I'll continue to follow up here as we get more info. In the meantime we found that adjusting the environment variable MALLOC_ARENA_MAX to a low value appeared to substantially mitigate the memory usage so that is a potential option for you to experiment with if you are trying to get this working as soon as possible. Here are a few links to other software projects that were dealing with similar issues to add a little context: https://github.com/prestodb/presto/issues/8993 https://github.com/cloudfoundry/java-buildpack/issues/320

SidShetye commented 4 years ago

Thanks for the update and - wow, this runs deep! Perhaps a write up on Microsoft devblogs would be great, especially as an advanced followup to this piece. The folks root-causing this deserve the credit/recognition.

noahfalk commented 4 years ago

@ank3it can you assign @sywhang? It appears I can remove my own assignment but can't reassign to anyone else (odd). @sywhang has been doing the lion's share of the work, I've just been writing up a little progress here on his behalf.

sywhang commented 4 years ago

Hi @SidShetye,

Sorry it took quite a while for me to try out various approaches to fix the underlying issue and decide on a reasonable fix in terms of complexity and performance impact, but the fix finally got merged to the master branch of dotnet/runtime repository in https://github.com/dotnet/runtime/pull/35924.

Would it be possible for you to try out using the latest branch and confirm that we've fixed your issue? I'm now trying to backport the fix to our servicing release of .NET Core 3.1 and having validation from you as the first customer who reported this issue would let me go through the backport process for .NET servicing release.

Thank you!

SidShetye commented 4 years ago

@sywhang I really appreciate the efforts in fixing this but we have already stripped out Application Insights from our stack. Is there a write-up on this? Seems like it was a very tricky issue, so a post-analysis write up could help others too.

sywhang commented 4 years ago

Thanks @SidShetye for the update! I'll try to get the backport approved regardless so that others won't hit the same issue.

Regarding writeup, I don't have anything written up on this yet because we're so close to .NET 5 release snap date and I have a huge stack of work items to go through, but I am definitely planning to share some of the tools I wrote as part of this investigation, as well as a writeup on the investigation as soon as I have some extra cycles : )

forik commented 4 years ago

We are also encountering memory issues and suspect AI. Below is a screenshot of a diff from two dotnet-gcdump files taken in a 1 hour period. Seems to be a diagnosticlistener leakage somewhere inside AI. изображение

noahfalk commented 4 years ago

@forik I'd recommend opening a new issue with the information on your bug so it can be better tracked. The new issue template will ask for info specific to your setup and from what you posted so far it appears unlikely that your issue is a duplicate of Sid's issue.

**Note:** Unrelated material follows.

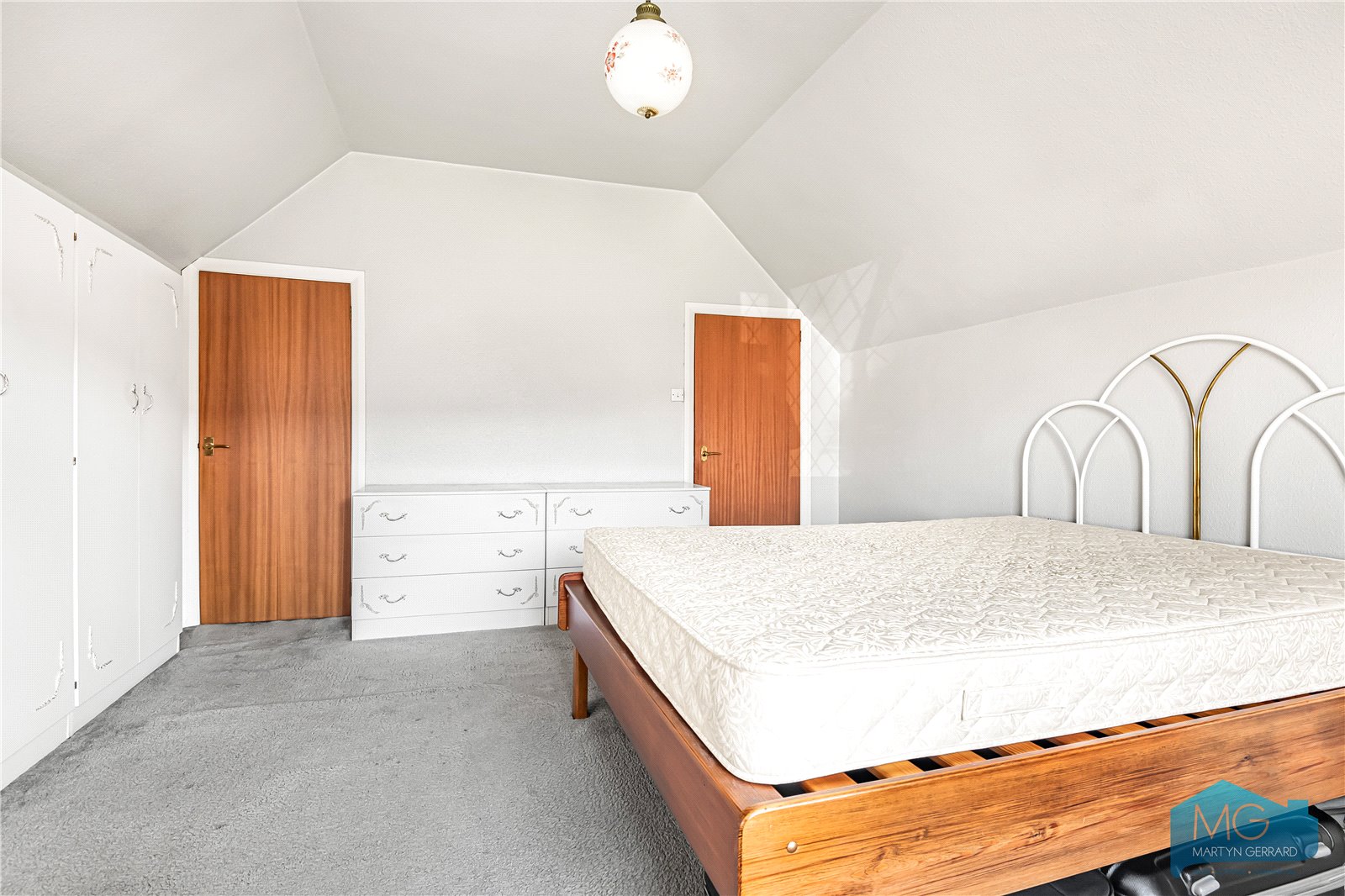 4 bedroom Detached House for sale - Martyn Gerrard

sywhang commented 4 years ago

The fix to this issue has been merged to both master branch and .NET Core 3.1 servicing branch (targetting 3.1.5 servicing release) of the runtime repo. I don't have write access to this repository but I believe the issue can be closed now.

SidShetye commented 4 years ago

Can’t test for confirmation but I’ll go ahead and close it.

yigitgursoy commented 3 years ago

Still happening in Net6.0

image

saveveltri commented 8 months ago

I can confirm that it's still happening in .net core 6. Is the MALLOC_ARENA_MAX workaround still works well ?

noahfalk commented 8 months ago

If you are seeing unbounded memory growth in App Insights profiler running on .NET 6+ then it is probably going to be a bug in a different code path, and potentially a different root cause. I'd recommend creating a new issue so the App Insights team can investigate it.

Is the MALLOC_ARENA_MAX workaround still works well ?

I don't know whether MALLOC_ARENA_MAX will affect the behavior you are seeing. Its possible that it will help if your leak was coming from some other code path that continues to use malloc(). The allocations that were problematic in the scenario we investigated for this bug years ago were converted to use mmap(). I wouldn't expect those specific allocations to be leaking or to be impacted by MALLOC_ARENA_MAX any longer.